— Exercise goal —
Could you repeat all of the entries exactly, leaving out any pictures?
Start of Block
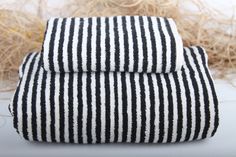 two black and white striped towels sitting on top of each other in front of some dry grass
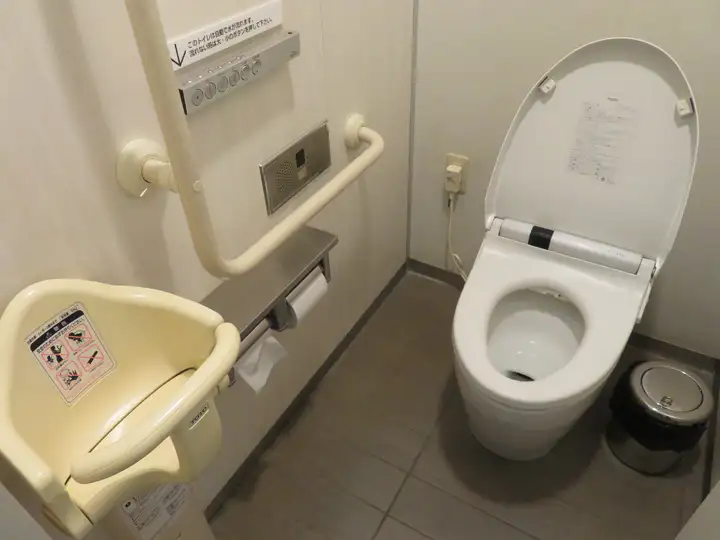 洋式便器の向かい側の壁に設置された幼児用ベビーチェアと手すり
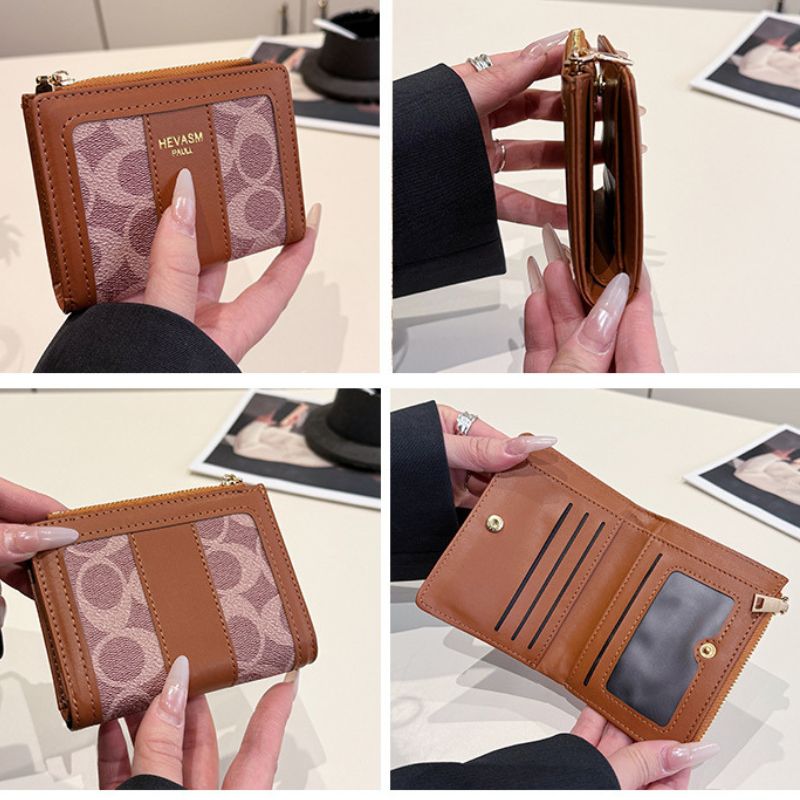 Brown wallet with patterned accents held by hands on a light background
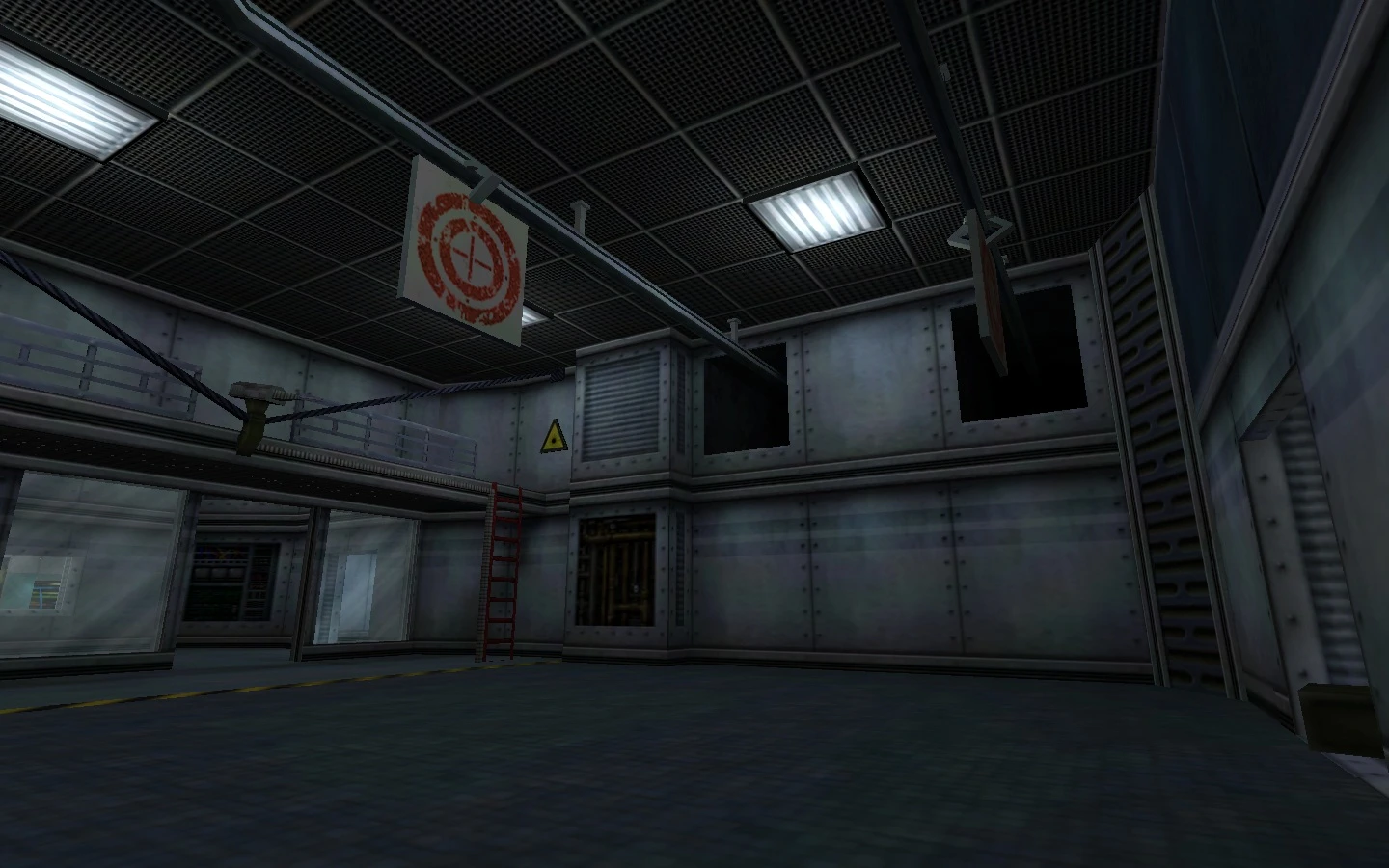 Sala industrial con paredes metálicas, escalera roja y señales de advertencia en Half-Life Field Intensity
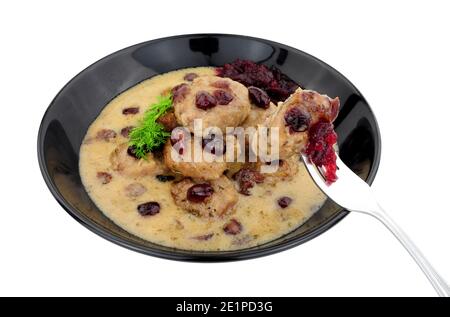 Fleischbällchen im schwedischen Stil in cremiger Sauce mit Preiselbeeren und Cranberry-Sauce in einer schwarzen Schüssel isoliert auf einem weißen Hintergrund Stockfoto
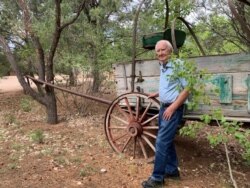Forrest Fenn stands in front of an original 19th century cart he had placed on the old Santa Fe trail running through his property. (VOA/Penelope Poulou)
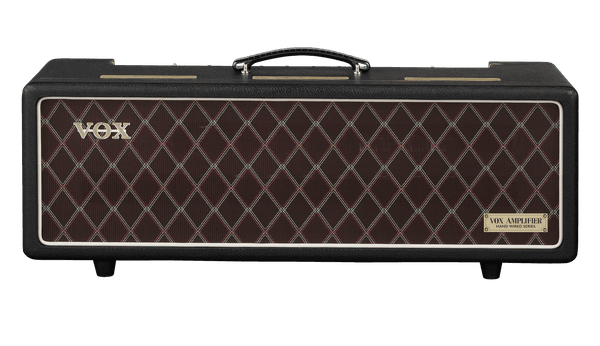Black VOX guitar amplifier with a diamond-patterned front and a top handle.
End of Block
— Task solution —
 two black and white striped towels sitting on top of each other in front of some dry grass
 洋式便器の向かい側の壁に設置された幼児用ベビーチェアと手すり
 Brown wallet with patterned accents held by hands on a light background
 Sala industrial con paredes metálicas, escalera roja y señales de advertencia en Half-Life Field Intensity
 Fleischbällchen im schwedischen Stil in cremiger Sauce mit Preiselbeeren und Cranberry-Sauce in einer schwarzen Schüssel isoliert auf einem weißen Hintergrund Stockfoto
Forrest Fenn stands in front of an original 19th century cart he had placed on the old Santa Fe trail running through his property. (VOA/Penelope Poulou)
Black VOX guitar amplifier with a diamond-patterned front and a top handle.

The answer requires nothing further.